Y de todos los autores y libros mencionados se nutre este cuento, como diría Cabrera Infante. Del primero, de Manuel de Lope, quien me inoculó la necesidad de buscar un libro que a él le había servido tanto para construir su universo literario, al menos el de los primeros libros; y después, de Mihály Dés por crear Lateral, y por incluir en sus páginas esa columna de «peticiones del oyente», a la cual escribí en 1995 solicitando a los respetables lectores esa novela que no encontraba en mi búsqueda constante en librerías: Gran Sertón: Veredas, de João Guimarães Rosa.
No tardé en recibir respuesta. Dos, para ser exactos. Dos cartas manuscritas que acompañaban a sendos ejemplares del libro que tanto había buscado sin fortuna.
La primera carta decía: “Feliz lectura. Y si necesitas algún otro libro…”, y la firmaba Vicente Llorca, de Barcelona. El libro, en la traducción canónica en español de Ángel Crespo, lo publicaba Seix Barral, en su colección de la Biblioteca Formentor, Barcelona, 1965. Primera edición (Primer a octavo de millar, 1967).

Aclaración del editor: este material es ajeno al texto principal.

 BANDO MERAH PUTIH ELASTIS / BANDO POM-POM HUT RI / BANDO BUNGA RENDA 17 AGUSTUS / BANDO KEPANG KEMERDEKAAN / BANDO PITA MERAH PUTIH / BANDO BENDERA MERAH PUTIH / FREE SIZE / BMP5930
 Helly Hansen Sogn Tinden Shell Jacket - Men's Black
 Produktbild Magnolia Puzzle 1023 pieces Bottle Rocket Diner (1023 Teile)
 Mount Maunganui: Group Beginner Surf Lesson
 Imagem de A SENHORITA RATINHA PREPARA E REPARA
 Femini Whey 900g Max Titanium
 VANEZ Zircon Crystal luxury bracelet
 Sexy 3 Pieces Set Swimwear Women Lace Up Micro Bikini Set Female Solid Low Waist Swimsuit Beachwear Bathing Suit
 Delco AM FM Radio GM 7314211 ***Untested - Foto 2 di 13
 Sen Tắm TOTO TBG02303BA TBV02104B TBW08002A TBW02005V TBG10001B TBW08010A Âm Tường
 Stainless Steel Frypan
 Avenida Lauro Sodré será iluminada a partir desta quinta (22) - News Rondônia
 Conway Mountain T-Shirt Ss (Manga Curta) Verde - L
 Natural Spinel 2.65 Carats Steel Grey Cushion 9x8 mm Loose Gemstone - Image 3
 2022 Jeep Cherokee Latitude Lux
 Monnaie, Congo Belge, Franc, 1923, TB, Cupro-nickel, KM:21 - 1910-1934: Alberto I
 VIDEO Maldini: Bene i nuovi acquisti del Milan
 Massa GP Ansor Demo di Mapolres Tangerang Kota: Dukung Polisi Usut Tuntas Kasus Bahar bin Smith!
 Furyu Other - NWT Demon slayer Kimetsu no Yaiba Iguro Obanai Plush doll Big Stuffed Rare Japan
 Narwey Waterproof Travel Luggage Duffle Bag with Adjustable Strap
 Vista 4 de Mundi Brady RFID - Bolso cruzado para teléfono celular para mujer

La segunda carta, fechada el 3 de julio de 1995, acompañaba una reimpresión de septiembre de 1975, también en Seix Barral, en la que se excusaba por el retraso y que decía: “…espero que le saques más jugo al Sr. Guimarães que el que le pude extraer yo. ¡Hasta siempre!”, y lo firmaba Jesús P. (o D.) Galindo, de Murcia.
¿Les mandé yo a mi vez una carta a mis salvadores agradeciéndoles el gesto? No lo recuerdo. Quiero creer que sí. ¿Leerán ambos ahora, 22 años después, este texto? Es improbable, aunque no imposible. Si es así, de nuevo, gracias. En mi biblioteca los dos ejemplares ocupan un lugar importante, que es el que está situado en una de las baldas a la altura de los ojos.
Ya lo dice el narrador, “El Sertón es el mundo”. Y ya lo dijeron de otra manera Cortázar, en Rayuela: “París es una enorme metáfora”, y Flaubert en su defensa de la libertad: “Madame Bovary soy yo”.
La historia de un libro es siempre una metáfora de la vida. La de este libro en concreto es, además, la solidaridad de la comunidad lectora, una corriente continua que en cada una de las historias que cuentan las novelas nos ofrecen otros mundos como alternativa, ya se llamen Comala, Yoknapatawpha, Santa María o Celama.